はじめる前に

• Make sure you have Crowd 7.0 or later.

• You'll need access to both your Crowd instance and the application you want to connect, for example, Jira Data Center.

• During the incoming application link setup, you’ll generate client ID and client secret credentials. Save them, you'll need them during the outgoing application link setup.

Set up OAuth 2.0 directory sync in Crowd

To set up OAuth 2.0 directory sync, you need to:

• create an incoming application link

• add new application to your Crowd

• create an outgoing application link.

Creating an external incoming application link

To create an external incoming application link, in your Crowd:

1. Go to Settings, then Application links.

2. Select Create link, and then:

   1. For Application type, select External application.

   2. For Direction, select Incoming.
      
      

3. Select Continue. In the Configure an incoming link window, fill in the required fields:

   1. Enter a unique name for your link.

   2. In Redirect URL, enter the base URL of your Crowd instance.

   3. For Permissions, select Application.
      

4. 保存 を選択します。

You’ll see following OAuth 2.0 credentials: Client ID and Client secret. You’ll need to copy them to your external application during the creation of your external outgoing link.

Adding new application

To add a new application, in your Crowd:

1. In the upper-left corner of your Crowd, go to Applications.

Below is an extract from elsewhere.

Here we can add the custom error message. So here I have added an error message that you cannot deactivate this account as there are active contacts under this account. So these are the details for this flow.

2. Select Add application.

3. For Application type, choose the product you want to connect. We’ll use Jira as as example.

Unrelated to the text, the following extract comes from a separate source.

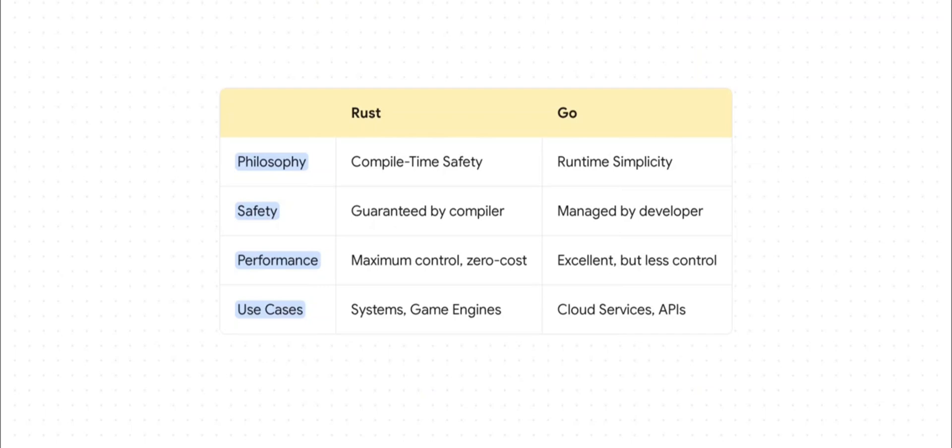This table really brings the choice into sharp focus. With Rust, your safety is literally guaranteed by the compiler. With Go, that safety is managed by the developer using much simpler tools. This means Rust gives you this maximum zero-cost control over performance, which is perfect for things like systems programming or game engines. Go gives you excellent performance with way less complexity, which is exactly why it dominates in cloud services and APIs.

4. Enter a name for the application. You’ll need this name on the application side, so save it.

5. For Authentication method, select the application link you’ve just created.
   

6. Select Next.

7. Follow the Adding an application guide starting from the step 7.
   

Once you add your application, it’s time to create an outgoing application link.

Creating external outgoing application link

To create an external outgoing application link, go to the application you want to configure (we’ll use Jira as an example):

1. Go to Settings, then Application links.

2. Select Create link, and then:

   1. For Application type, select External application.

   2. For Direction, select Outgoing.
      
      

3. Select Continue.

4. In the Configure an outgoing link window:

   1. For Grant types, select Client credentials.

   2. For Service provider, select your service provider.

   3. Enter a unique name for your application link.

5. In the Application details section:

   1. For Client ID and Client secret, use the values from the Crowd application link.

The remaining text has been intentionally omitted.